Oh. My. Gosh. These are soooo good, I did not want to stop eating them. Do I have any regrets? Yes, I wish I had made more to freeze.
Some calzones can be rather heavy because they are so loaded with filling that includes meat and cheeses, that after eating one, you’re done. These, however, are lighter than that. The filling consists of chopped broccoli, ricotta cheese, Parmesan cheese and mozzarella used in moderation. A pizza dough makes the outside, holding all that great filling. Served with warm tomato sauce, i.e., spaghetti or pizza sauce, and a side salad, this is a delicious and satisfying meatless meal.
This recipe makes eight calzones that can be frozen before baking, so when you’re in the mood for one–or two–, just remove the quantity you want, and bake them frozen. I made only half the recipe for a quantity of four calzones, and I’m regretting that I didn’t make the whole recipe. It doesn’t take much extra time or effort to make more to freeze, and you’ll be so glad you did. One of these would be great with a bowl of soup, or with a salad for a light meal.

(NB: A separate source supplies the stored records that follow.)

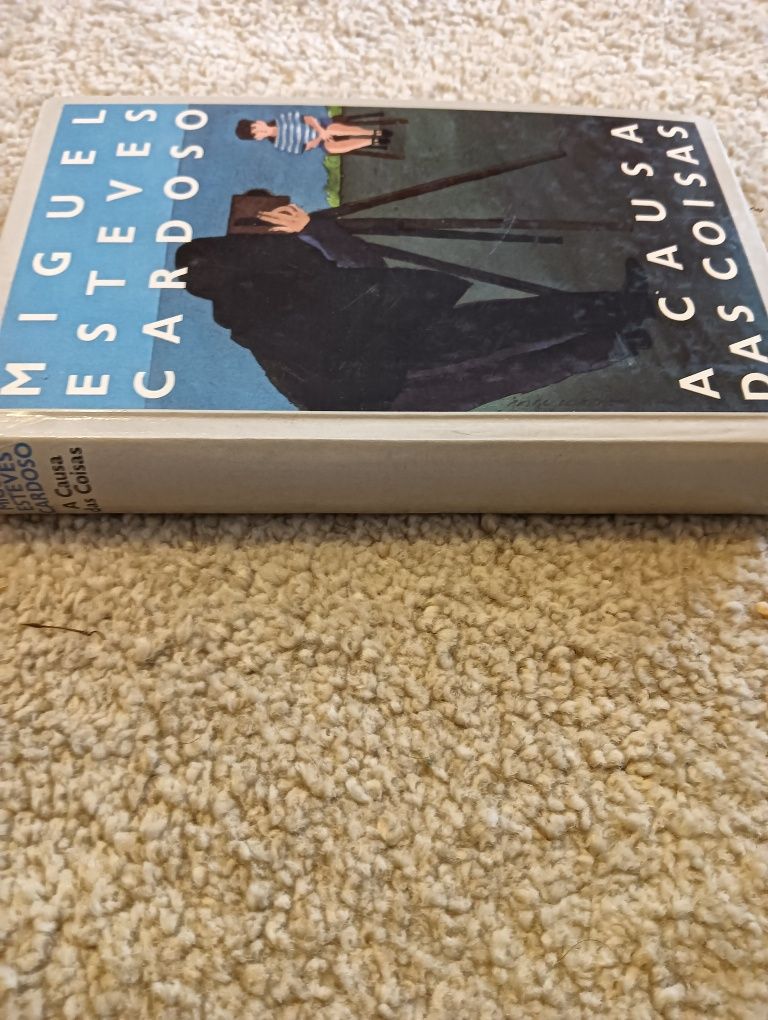 A CAUSA DAS COISAS / Miguel Esteves CARDOSO, Círculo de Leitores 1987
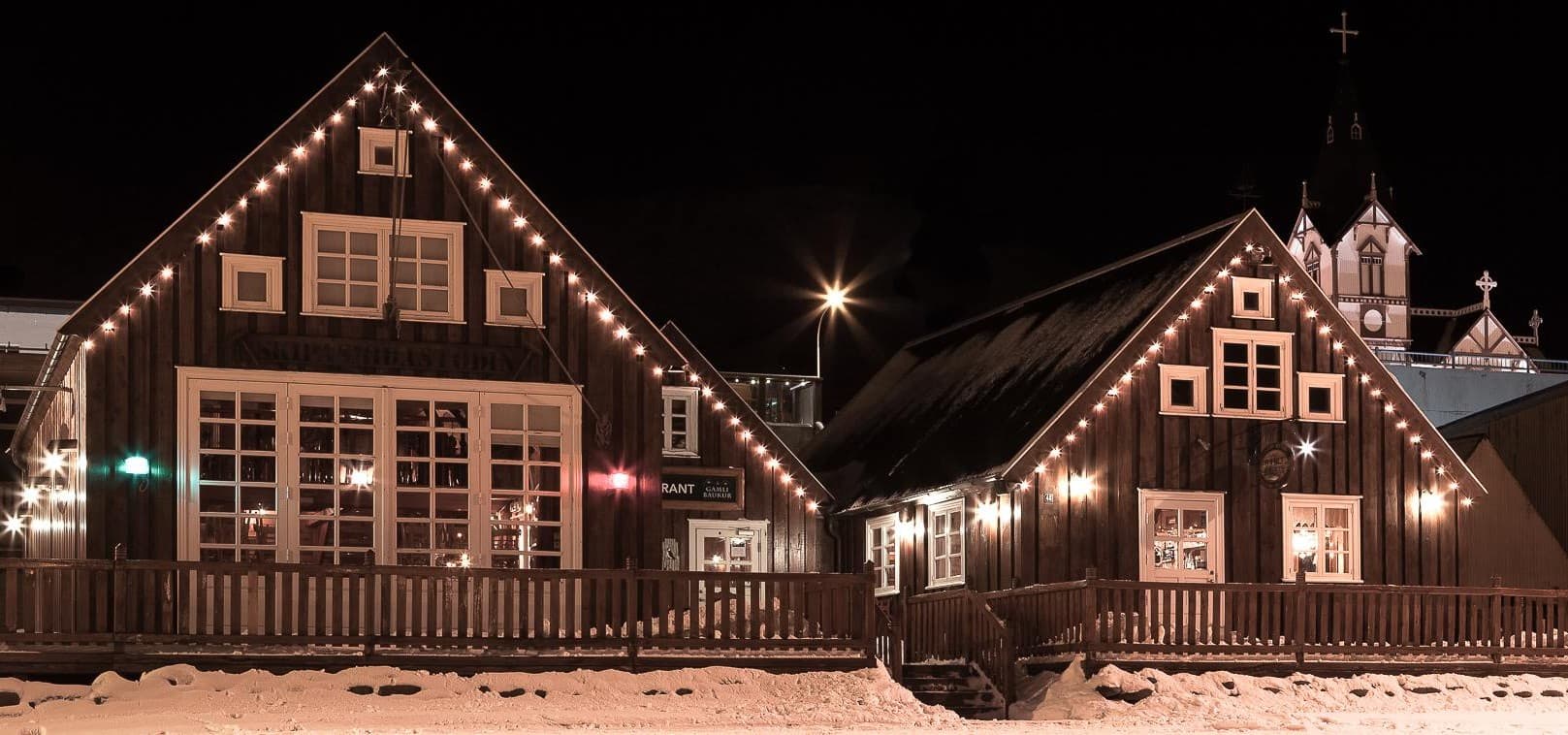 Gamli Baukur, Húsavík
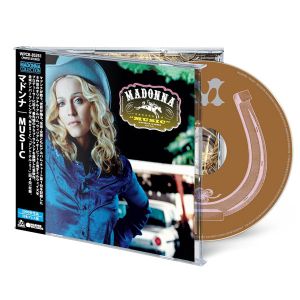 Madonna - Music (Limited Japanese Edition, OBI Strip) (CD)
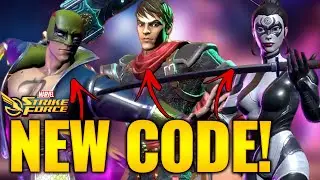 IMMORTAL WEAPON GAMEPLAY & KIT REVEAL! Plus New PROMO Code for All! Marvel Strike Force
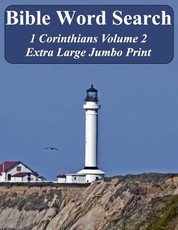 Bible Word Search 1 Corinthians Volume 2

Note: the following recipe calls for frozen, chopped broccoli, but fresh broccoli may also be used. Cut the broccoli into small florets and steam until tender before proceeding with the recipe. The convenience of frozen store-bought pizza dough helps to speed up and simplify making this recipe, as does jarred tomato sauce.
Yield: 8 calzones
- 1 tablespoon extra virgin olive oil
- 1 medium onion, chopped
- 2 packages (10 oz.) chopped broccoli, thawed
- 4 garlic cloves, chopped
- red pepper flakes to taste
- 2 ( 1 pound) packages frozen pizza dough, thawed
- 1 cup ricotta cheese ( can use small curd cottage cheese instead)
- 1/2 cup grated Parmesan cheese
- 1 1/2 cup shredded mozzarella, or pizza blend cheese
- salt and pepper to taste
- tomato sauce
1. Heat oil in a medium skillet over medium-high heat. Add onion and cook till soft ( 4-5 minutes). Add broccoli, garlic, and red pepper flakes. Cook 5-7 minutes till any liquid has evaporated and mixture is hot. Set aside to cool.
2. Preheat the oven to 400*F. Prepare 2 baking sheets by lining with parchment paper.
3. Divide each ball of dough into four ( 4) pieces. On a lightly floured surface stretch each piece out. First to a 3 x 4″ oval, then stretch again to 6 x 8″ oval. Let dough rest as needed to relax before continuing to stretch it. Don’t worry if the ovals are not perfect, they almost never are.
4. Stir cheeses into cooled broccoli mixture. Season with salt and pepper.
5. To assemble: Spread about 1/2 cup broccoli mixture onto half of each dough piece. Leave 1/2-inch border all around. Fold over to form a semi-circle/ half moon. Press edges to seal. Cut two slits in the top of each one.
6. Using a wide spatula or bench knife, transfer the calzones to the baking sheets. Reshape as needed.
7. Bake at 400*F for about 25 minutes, till golden brown. Serve with warm sauce.
To freeze for later use: Proceed through step #5 above, then tightly wrap each calzone in plastic wrap, freeze until firm. Transfer to zip-lock bags; label and date. Freeze up to 2 months. To cook and serve, unwrap and place on parchment-lined baking sheet. Bake without thawing until golden, 35 – 40 minutes.